Fanghi nelle
campagne, stop
per un anno

di Cinzia Reboni
L'assessore Fabio Rolfi
L'assessore Fabio Rolfi
L'assessore Fabio Rolfi
L'assessore Fabio Rolfi

Lo hanno già ribattezzato il fattore di pressione dei fanghi. Perchè, così come la norma che vieta di aprire nuove discariche o ampliare le esistenti in territori già soffocati dai rifiuti, il decreto regionale varato ieri mette al bando l'impiego di scarti di depurazione e gessi di defecazione nelle aree dove il fabbisogno di fertilizzanti agricoli è già coperto da sostanze naturali come i liquami zootecnici.

PER UN ANNO scatta il divieto di impiego per uso agronomico dei fanghi da depurazione in 170 Comuni lombardi, che insieme rappresentano il 22% della superficie agricola della regione. A monopolizzare la black list ci sono 62 paesi bresciani, a conferma della vocazione agricola della nostra provincia e dell'alto livello dell'economia circolare dei rifiuti naturali prodotti dagli allevamenti che vengono smaltiti come fertilizzanti o come combustibile per produrre energia attraverso gli impianti di biogas. Brescia, e in particolare la Bassa - ed è questo il rovescio della medaglia - è anche la pattumiera nazionale dei fanghi di depurazione. Gli scarti provenienti dal trattamento delle acque reflue urbane prodotti sul territorio nazionale sono oltre 3 milioni di tonnellate l’anno e la Lombardia, con 1,2 milioni, è una delle regioni con il maggior quantitativo prodotto. Gli impianti del Bresciano - concentrati nel triangolo Calvisano-Calcinato-Lonato - trattano oltre 364 mila tonnellate di fanghi all’anno. Secondo gli ultimi dati Ispra, nel 2017 la Lombardia ha smaltito 482 mila tonnellate di fanghi, e ne ha importati 500 mila. Di questi, un terzo viene smaltito sui campi bresciani. «La misura conferma il cambio di passo deciso da parte della Regione in difesa del territorio, dell'agricoltura e dei nostri prodotti agroalimentari - afferma Fabio Rolfi, assessore regionale all'Agricoltura e promotore del provvedimento -. Dove c’è concime animale a sufficienza non sarà più possibile spandere fanghi. La Pianura padana è fertile grazie al supporto della zootecnia, a differenza di altri territori che nel corso degli anni sono stati arricchiti, per esigenza, con fertilizzanti chimici e oggi si trovano ad affrontare problematiche relative all’inaridimento del suolo».

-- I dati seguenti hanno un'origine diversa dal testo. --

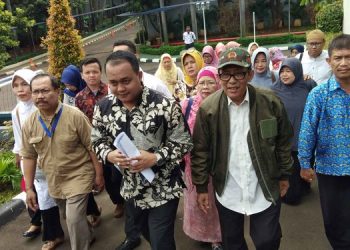 Kata Kejari Depok Soal Putusan MA Terkait Aset First Travel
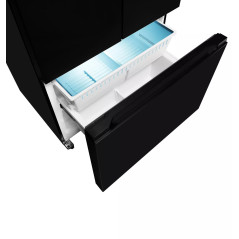 LEX LFD 595 BxID - холодильник серии French Door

LO STOP scatta nei paesi dove il carico di animali produce carichi zootecnici superiori ai limiti della direttiva nitrati, ovvero dove esiste una sovrabbondanza di liquami animali rispetto alla superficie coltivata. La lista dei 170 Comuni è stata redatta sulla scorta di uno studio dell'Ersaf. «Il provvedimento tutela la qualità della vita dei cittadini - incalza Federica Epis, capogruppo della Lega in Commissione agricoltura in Regione - salvaguardando l'ambiente e mettendo fine agli odori molesti che spesso questi fanghi provocano». «L’assessorato è impegnato a chiedere alla Commissione europea che sulla direttiva nitrati il limite allo spandimento venga innalzato oltre i 250 kg/ha concessi fino ad oggi per le aziende in deroga, e consentire di utilizzare ancora di più in modo efficiente e sostenibile la materia organica delle stalle come concime - aggiunge Rolfi - riducendo l’urea e i fanghi, con maggiori benefici ambientali». Sindaci e mondo agricolo appoggiano il provvedimento. «La Regione ha accolto la nostra richiesta di privilegiare l'impiego di fertilizzanti organici di origine animale rispetto ai fanghi - osserva Francesco Martinoni, presidente di Confagricoltura Brescia -. Ora occorre mettere mano a tutto il complesso tema delle deiezioni zootecniche: oltre all’apprezzabile proposta di ottenere una deroga a valori più elevati, ma con condizioni di accesso più semplici di quelle attuali, serve accompagnare gli allevamenti nell’adempimento delle misure di prevenzione dell’inquinamento atmosferico, come previsto dal Piano aria della Regione». «Una risposta che il mondo agricolo stava aspettando - sottolinea Ettore Prandini, presidente nazionale di Coldiretti -. Per tutelare e valorizzare al meglio le eccellenze agricole dei nostri territori dobbiamo conoscere la reale natura di ciò che viene utilizzato per rendere fertili i nostri campi».